Não são, apenas, belas palavras sem consequências: assumem um compromisso que deve englobar também as desgraças que o autoproclamado “Estado Islâmico” difunde em muitas zonas de África.
No encontro inter-religioso em Ur, terra natal de Abraão, segundo a tradição bíblica, o Papa Francisco lembrou, aos seguidores das diferentes religiões monoteístas, que não se devem considerar apenas todos irmãos e descendentes do mesmo patriarca. A prática da fraternidade religiosa deve estar ao serviço da fraternidade universal, em colaboração com todas as pessoas e movimentos, sem descriminações.
Com esta nota, pretendo chamar a atenção para o novo passo no diálogo inter-religioso consequente: a condição humana é comum a crentes e a não crentes. Como destaquei na crónica anterior, o Papa Francisco mostrou que a religião autêntica não é uma alienação: “Erguemos os olhos ao Céu para nos elevarmos das torpezas da vaidade; servimos a Deus, para sair da escravidão do próprio eu, porque Deus nos impele a amar. Esta é a verdadeira religiosidade: adorar a Deus e amar o próximo. No mundo actual, que muitas vezes se esquece do Altíssimo ou oferece uma imagem distorcida d’Ele, os crentes são chamados a testemunhar a sua bondade, mostrar a sua paternidade através da nossa fraternidade.”
3. O Papa Francisco tem nomeado, muito a conta-gotas, algumas mulheres para cargos de algum relevo no Vaticano. Não é muito, mas já é alguma coisa.
O que me deu especial alegria foi a carta de María Lía Zervino, presidente da União Mundial de Organizações Femininas Católicas, dirigida directamente ao Papa Bergoglio:
“… Recordo que o ano passado nos recomendaste pessoalmente para sermos corajosos como Maria Madalena, mesmo quando nos dirigimos ao Papa. Por isso, permito-me dizer-te, com todo o respeito, confiança e afecto, que, como mulher, sinto que algo nos é devido. Lutas contra o machismo e o clericalismo, mas penso que não se fez o suficiente para aproveitar a riqueza das mulheres que constituem grande parte do povo de Deus.

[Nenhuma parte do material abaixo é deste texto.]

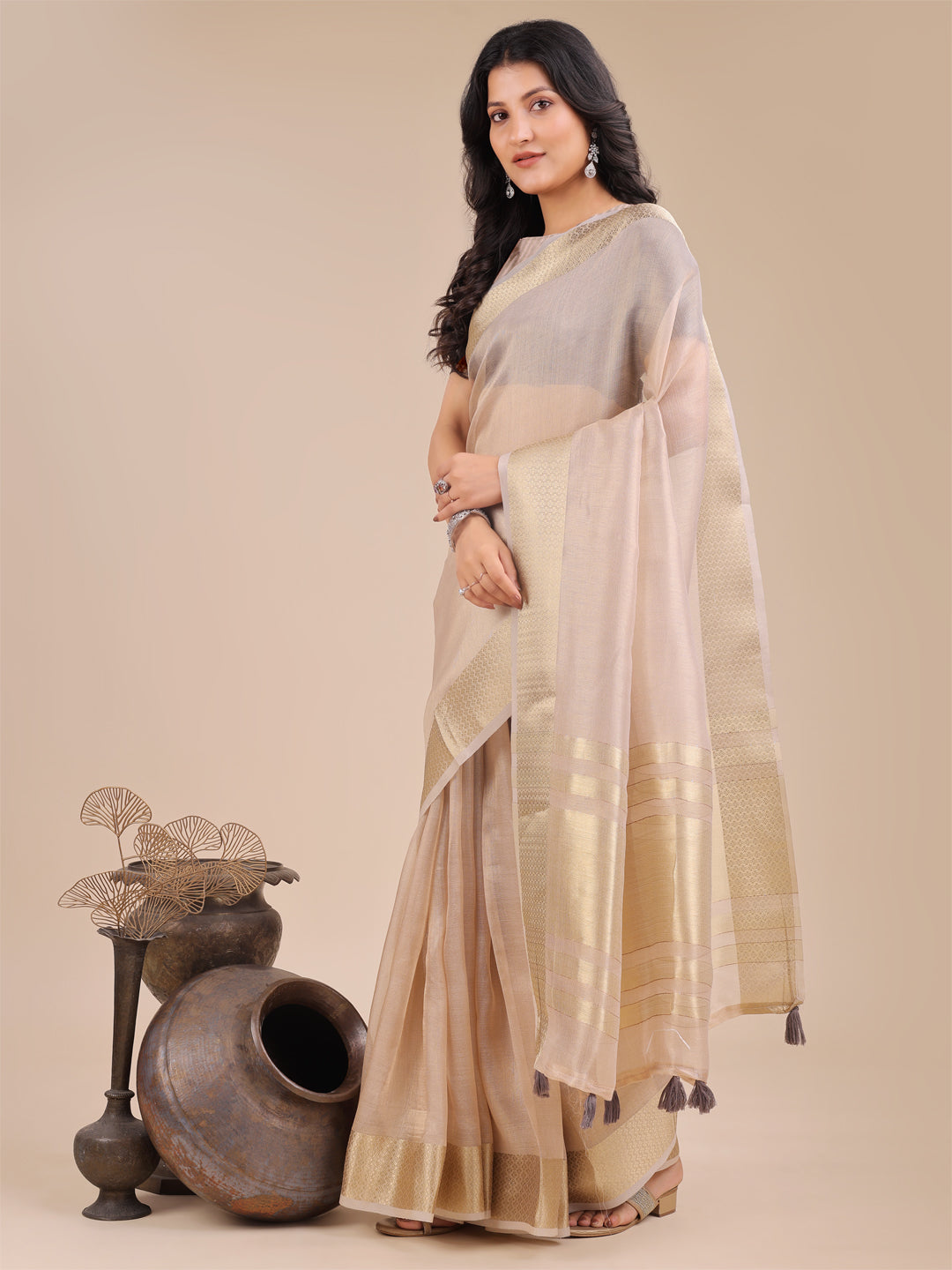Light Pink Organza Saree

“… Sonho uma Igreja que tenha mulheres idóneas como juízes em todos os tribunais em que se tratam as causas matrimoniais, nas equipas de formação de cada seminário e para o exercício de ministérios como a escuta, a direcção espiritual, o cuidado da saúde pastoral, o cuidado pelo planeta, a defesa dos direitos humanos, etc. Para os quais, pela nossa natureza, as mulheres estão preparadas igualmente ou por vezes melhor do que os homens. Não só as mulheres consagradas, mas todas as mulheres leigas que, em cada região do mundo, estão prontas a servir!
“Sonho que, durante o teu pontificado, inaugures, juntamente ao sínodo dos bispos, um sínodo diferente: o sínodo do povo de Deus, com uma representação proporcional do clero, dos consagrados e das consagradas, dos leigos e das leigas. Não seremos mais felizes só porque uma mulher vota pela primeira vez, mas porque muitas mulheres leigas preparadas, em comunhão com todos os outros membros desse sínodo, possam dar o seu contributo e o seu voto, que se juntará às conclusões que serão colocadas nas tuas mãos.”
Para María Lía Zervino não se trata de uma reivindicação, pois, na sua perspectiva, as mulheres não pretendem ocupar lugares como vasos de flores, nesta moda de nomear mulheres, nem subir a posições de poder. Pretendem servir.
Entretanto, outras alegrias e ambiguidades aconteceram. É assunto para outras crónicas.